Le nouveau roman abandonne notamment l'idée de récit. Ses partisans considèrent la littérature comme un jeu formel, une sorte de mathématique avec des mots pour certains, ou d'alchimie pour les autres. Ils estiment que chercher à décrire un environnement réel, à explorer la psychologie de personnages donnés, ou se contenter de suivre le fil d'une histoire linéraire nous empeche de voir toutes les potentialités du genre romanesque.
Comme tu le vois c'est en complète opposition avec la démarche balzacienne qui vise à reconstituer la réalité, la vie sociale en particulier. Subordonner ainsi le roman au réel, à une vision étroite du réel, est un erreur pour les ecrivains que l'on classe dans le nouveau roman. Ces derniers ne forment toutefois pas un groupe homogène et leurs idées, leurs démarches, diffèrent énormément de l'un à l'autre.

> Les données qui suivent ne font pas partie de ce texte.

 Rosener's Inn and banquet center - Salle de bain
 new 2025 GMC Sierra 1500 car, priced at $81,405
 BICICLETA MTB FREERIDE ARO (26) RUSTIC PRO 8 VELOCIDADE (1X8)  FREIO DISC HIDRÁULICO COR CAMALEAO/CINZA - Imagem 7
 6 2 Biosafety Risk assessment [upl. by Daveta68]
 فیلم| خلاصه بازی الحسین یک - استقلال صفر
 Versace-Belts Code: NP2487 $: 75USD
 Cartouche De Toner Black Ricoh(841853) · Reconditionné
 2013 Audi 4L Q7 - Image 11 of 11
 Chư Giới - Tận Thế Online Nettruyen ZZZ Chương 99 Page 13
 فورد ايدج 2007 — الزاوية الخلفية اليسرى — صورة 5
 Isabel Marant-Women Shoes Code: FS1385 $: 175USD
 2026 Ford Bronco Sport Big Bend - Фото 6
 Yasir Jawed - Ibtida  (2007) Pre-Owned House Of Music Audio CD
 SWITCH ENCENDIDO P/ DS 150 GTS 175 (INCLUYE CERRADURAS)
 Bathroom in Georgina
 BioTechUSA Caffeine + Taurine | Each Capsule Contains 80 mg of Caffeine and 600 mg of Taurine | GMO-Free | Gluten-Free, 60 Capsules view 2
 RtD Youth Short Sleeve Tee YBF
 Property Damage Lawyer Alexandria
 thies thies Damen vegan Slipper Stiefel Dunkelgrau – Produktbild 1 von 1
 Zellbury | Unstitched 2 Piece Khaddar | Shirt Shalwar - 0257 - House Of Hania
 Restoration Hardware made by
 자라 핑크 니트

L'oeuvre type du nouveau roman est peut-être La Modification de Butor : c'est simplement la description seconde après seconde de ce qui se passe dans la tête d'un voyageur dans un train entre Paris et l'Italie. Le roman est écrit à la deuxième personne, ce qui est troublant. Tout au long du voyage le personnage lit un livre qui s'avère être finalement... La Modification. Pour écrire son livre, Butoir avait travaillé sur des dizaines de diagrammes accrochés aux murs de sa pièce de travail.
Tu vois que c'est une démarche d'écriture très spécifique. Toutefois il ne faut pas exagérer les ruptures mises en scène par ces auteurs : même s'ils élaborent une problématique de la création littéraire originale, ils s'inscrivent dans une tradition du roman qui a une forte continuité.